Tapi naas, semuanya dihancurkan Pasukan Salib Eropa dan Pasukan Tartar ketika
mereka menyerang Islam.
Peradaban Islam memang peradaban emas yang mencerahkan dunia.
Itu sebabnya menurut Montgomery, tanpa dukungan peradaban Islam yang menjadi
‘dinamo’nya, Barat bukanlah apa-apa. Wajar jika Barat berhutang budi pada
Islam.
Empat belas abad yang silam, Allah Ta’ala telah mengutus Nabi
Muhammad saw sebagai panutan dan ikutan bagi umat manusia. Beliau adalah
merupakan Rasul terakhir yang membawa agama terakhir yakni Islam. Hal ini
secara jelas dan tegas dikemukakan oleh Al-Quran dimana Kitab Suci tersebut
memproklamasikan keuniversalan misi dari Muhammad saw sebagaimana kita jumpai
dalam ayat-ayat berikut ini:
“Katakanlah, “Wahai manusia , sesungguhnya aku ini Rasul kepada
kamu sekalian dari Allah yang mempunyai kerajaan seluruh langit dan bumi. Tak
ada yang patut disembah melainkan Dia.” (QS. 7:159).

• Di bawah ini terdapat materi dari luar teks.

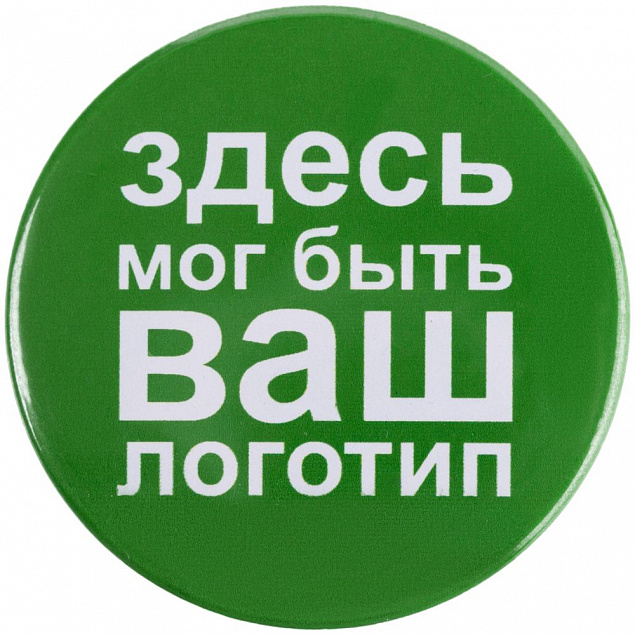 Значок закатной Pinback Print, L с логотипом в Москве заказать по выгодной цене в кибермаркете AvroraStore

“Dan kami tidaklah mengutus engkau melainkan sebagai pembawa
kabar suka dan pemberi peringatan untuk segenap manusia…” (QS. 34:29).
“Dan tidaklah Kami mengutus engkau melainkan sebagai rahmat bagi
seluruh umat…” (QS. 21:108).
Nabi Muhammad saw telah mengubah pandangan hidup dan memberi
semangat yang menyala-nyala kepada umat Islam, sehingga dari bangsa yang
terkebelakang dalam waktu yang amat singkat mereka, mereka telah menjadi guru
sejagat. Umat Islam menghidupkan ilmu, mengadakan penyelidikan-penyelidikan.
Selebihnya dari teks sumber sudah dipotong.